2.Davalı kadın vekili temyiz dilekçesinde özetle; davanın reddi gerektiğini, kadının kusurunun bulunmadığını, erkeğin tanığı Süzer ile kadın arasında husumet bulunduğundan beyanlarına itibar edilmemesi gerektiğini, kadın yararına tazminatlara hükmedilmesi gerektiğini belirterek davanın kabulü, kusur belirlemesi, reddedilen tazminatlar yönünden kararın bozulmasına karar verilmesini talep etmiştir.

C. Gerekçe

1. Uyuşmazlık ve Hukuki Nitelendirme

Uyuşmazlık, açılan boşanma davasında taraflar arasında ortak hayatı temelinden sarsacak derecede ve birliğin devamında imkan vermeyecek nitelikte bir geçimsizlik bulunup bulunmadığı, geçimsizlik var ise kusurun kimden kaynaklandığı, kadın yararına nafaka verilmesi şartlarının gerçekleşip gerçekleşmediği, şartları var ise miktarlarının dosya kapsamı ve hakkaniyete uygun olup olmadığı, tarafların tazminat taleplerinin reddi kararının yerinde olup olmadığı noktasında toplanmaktadır.

2. İlgili Hukuk

4721 sayılı Kanun'un 4 üncü maddesi, 166 ncı maddesinin birinci ve ikinci fıkrası, 169 uncu maddesi,174 üncü maddesinin birinci ve ikinci fıkrası, 175 inci maddesi,6100 sayılı Hukuk Muhakemeleri Kanunu'nun (6100 sayılı Kanun) 369 uncu maddesinin birinci fıkrası ile 370 ve 371 inci maddesi, 6098 sayılı Türk Borçlar Kanunu'nun 50 nci ve 51 inci maddeleri.

3. Değerlendirme

1.Bölge Adliye Mahkemelerinin nihai kararlarının bozulması 6100 sayılı Kanun'un 371 inci maddesinde yer alan sebeplerden birinin varlığı hâlinde mümkündür.

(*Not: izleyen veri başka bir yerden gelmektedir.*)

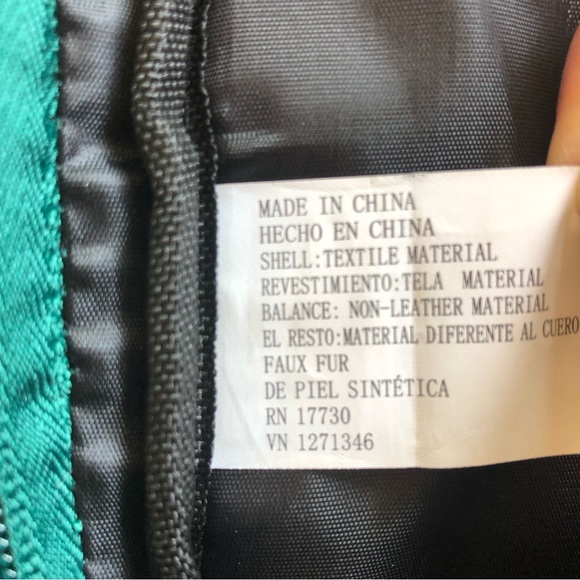 Target quilted green sherpa trimmed mini backpack - Picture 6 of 7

2.Temyizen incelenen karar, tarafların karşılıklı iddia ve savunmalarına, dayandıkları belgelere, uyuşmazlığa uygulanması gereken hukuk kuralları ile hukuki ilişkinin nitelendirilmesine, dava şartlarına, yargılama ve ispat kuralları ile kararda belirtilen gerekçelere göre usul ve kanuna uygun olup taraf vekillerince temyiz dilekçesinde ileri sürülen nedenler kararın bozulmasını gerektirecek nitelikte görülmemiştir.

VI. KARAR

Açıklanan sebeplerle;

Temyiz olunan Bölge Adliye Mahkemesi kararının 6100 sayılı Kanun'un 370 inci maddesinin birinci fıkrası uyarınca ONANMASINA,

Aşağıda yazılı temyiz giderinin temyiz edenlere yükletilmesine,

Dosyanın İlk Derece Mahkemesine, kararın bir örneğinin Bölge Adliye Mahkemesine gönderilmesine,04.06.2024 tarihinde oy birliğiyle karar verildi.